Kadınla erkek arasında cinsel, duygusal ve entelektüel ihtiyaçların tatmin edildiği bir birliktelik, eril tahakküme ters düşeceğinden kadın bedeni ve cinselliği dinsel veya toplumsal teşvik yoluyla evlilik kurumu çatısı altına alınarak kontrol edilmiştir. Haliyle kadın evlilik kurumuna salt bir beden ve bu bedenin teslimiyetini sorgulamayacak bir itaatkâr olarak iştirak ettirilmiştir. Kadının bedeni üzerinde koruma, sahiplenme, terbiye etme saikiyle işlenen her türden şiddet ataerkil yapının meşruiyetini pekiştirmeye yöneliktir.

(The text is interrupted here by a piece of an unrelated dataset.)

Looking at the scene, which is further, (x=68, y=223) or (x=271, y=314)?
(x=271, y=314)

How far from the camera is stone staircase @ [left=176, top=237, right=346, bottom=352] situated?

Dünyanın pek çok yerinde kadınlara sessiz olmaları, erkeklerin söylediği her şeyi onaylamaları, verilen her görevin üstesinden gelmeleri gerektiği ve başka alternatifleri olmadığı ezberletilir. Konuşma, sorgulama, reddetme, isteme riskini göze alanlar “edepsiz” olduklarının düşünülmesi riskini de göze alırlar. Kadınlar korkularla, değersizlik hissiyle, çaresizlikle doğmuyorlar. Aile, toplum, inanç sistemi, siyasi erk, sevgili, eş öğretiyor bunları kadınlara. Erkek için kadın bedeni ciddi bir zaaftır, bu yüzden kadın kendisini erkeğin arzusundan sakınmalıdır, deniyor. Kadın; erkeğe muhtaçtır, bit kadar bile olsa bir kocası olmalıdır, deniyor.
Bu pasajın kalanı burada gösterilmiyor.